My friend the Great Shakun Batra met me at the airport with a hug.

I opened with, “Dr. Batra’s son, I presume.”




Driving back to his place I noticed the abundance of stray animals.

"So they just let the dogs run around?"

"Vhy kill them." Shakun countered.

Later, upon closer inspection, I saw the animals of India to have an ancient sort of wisdom in their eyes and they interacted with each other in a rather civilized way. I’ve come to the conclusion that the only reason dogs chase cats in the western world is because they're leashed. 

Days passed and I was put on a sleeper train to Goa.


Sitting on floor mats at Curly’s bar Neal, an Australian, skinned spliff after spliff as we knocked back round after round. 

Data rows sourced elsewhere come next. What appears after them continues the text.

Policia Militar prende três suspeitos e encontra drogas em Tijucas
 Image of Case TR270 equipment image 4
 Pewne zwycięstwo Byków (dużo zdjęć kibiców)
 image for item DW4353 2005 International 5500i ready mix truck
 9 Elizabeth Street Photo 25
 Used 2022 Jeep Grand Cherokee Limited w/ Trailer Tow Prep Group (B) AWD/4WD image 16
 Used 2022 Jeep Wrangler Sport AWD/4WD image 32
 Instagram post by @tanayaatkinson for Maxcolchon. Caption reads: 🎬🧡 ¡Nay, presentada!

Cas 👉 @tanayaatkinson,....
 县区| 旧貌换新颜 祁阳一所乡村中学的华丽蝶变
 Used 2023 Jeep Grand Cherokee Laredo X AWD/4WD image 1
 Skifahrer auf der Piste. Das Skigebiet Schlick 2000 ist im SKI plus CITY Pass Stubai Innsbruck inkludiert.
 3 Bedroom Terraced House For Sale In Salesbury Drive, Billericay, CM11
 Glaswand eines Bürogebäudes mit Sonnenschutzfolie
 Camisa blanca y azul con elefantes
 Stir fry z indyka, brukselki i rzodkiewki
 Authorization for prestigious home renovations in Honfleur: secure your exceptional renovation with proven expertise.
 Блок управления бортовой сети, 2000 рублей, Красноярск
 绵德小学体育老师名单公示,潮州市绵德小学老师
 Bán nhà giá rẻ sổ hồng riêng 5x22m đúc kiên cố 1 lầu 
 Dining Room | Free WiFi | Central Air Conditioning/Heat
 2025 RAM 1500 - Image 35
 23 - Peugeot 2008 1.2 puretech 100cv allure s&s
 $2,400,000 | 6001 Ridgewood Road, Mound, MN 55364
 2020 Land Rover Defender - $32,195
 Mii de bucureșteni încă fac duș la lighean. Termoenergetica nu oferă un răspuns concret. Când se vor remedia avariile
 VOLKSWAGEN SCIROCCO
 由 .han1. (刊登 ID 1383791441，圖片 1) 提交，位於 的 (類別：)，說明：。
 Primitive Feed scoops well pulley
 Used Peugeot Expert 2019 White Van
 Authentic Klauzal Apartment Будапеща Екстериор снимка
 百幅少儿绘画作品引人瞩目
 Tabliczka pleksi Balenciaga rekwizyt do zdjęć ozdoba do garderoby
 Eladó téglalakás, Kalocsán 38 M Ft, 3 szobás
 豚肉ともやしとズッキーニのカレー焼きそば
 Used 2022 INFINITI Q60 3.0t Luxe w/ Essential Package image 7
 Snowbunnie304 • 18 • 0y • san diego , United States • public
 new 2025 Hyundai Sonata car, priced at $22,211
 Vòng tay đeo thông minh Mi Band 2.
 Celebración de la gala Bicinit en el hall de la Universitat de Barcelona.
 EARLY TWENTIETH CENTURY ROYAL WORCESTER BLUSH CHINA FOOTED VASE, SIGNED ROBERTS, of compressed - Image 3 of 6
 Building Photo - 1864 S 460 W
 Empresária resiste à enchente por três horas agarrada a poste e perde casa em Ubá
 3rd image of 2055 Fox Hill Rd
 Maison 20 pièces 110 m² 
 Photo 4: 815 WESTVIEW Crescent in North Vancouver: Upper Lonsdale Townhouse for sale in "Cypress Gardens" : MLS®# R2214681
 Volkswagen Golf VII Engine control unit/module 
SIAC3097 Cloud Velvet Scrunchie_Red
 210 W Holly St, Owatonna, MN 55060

The tide had come in as the six of us trudged up the beach in the direction of our hotel rooms when a hand emerged from the darkness grabbing hold of a straggling Josh from Kentucky.

“Smoke, smoke, you have smoke,” a voice said behind us.

I turned around offering a cigarette. We realized from the flat top caps of the police they were speaking of the illegal variety. I had heard several times that if you were in a dodgy spot a two hundred rupee bribe to the cops would get you out of it. 

“What is in your pockets?” they asked before motioning for us to turn them out. Like usual I had a superhero’s utility belt full of miscellaneous junk and I dropped it all onto the sand. A bag of pot in his pocket Neal pulled a runner into the yards of the beach cottages. One of the two cops went off after him while the other lingered a moment.


“Who is he, what is his name?” the cop exclaimed.

“We don’t know who that guy is, he was just following us from the bar” one of us said.

“Stay right here or you’ll be in big trouble,” he said before running off.

We waited for all of thirty seconds before issuing a collective fuck this. We had been searched and had nothing on us. Fifteen minutes later, strolling along, we were within a stone’s throw of the trail leading off the beach. We were softly laughing when we heard their yells. Turning around Josh pretended to stub his toe in a performance that should have won his an award for best choreographed dance routine in Bollywood. 

“Oh now you’re in big trouble. We’ll have to call our superiors,” the cops echoed back and forth.

What does that mean? We’ll have to pay them off four hundred rupees, I thought.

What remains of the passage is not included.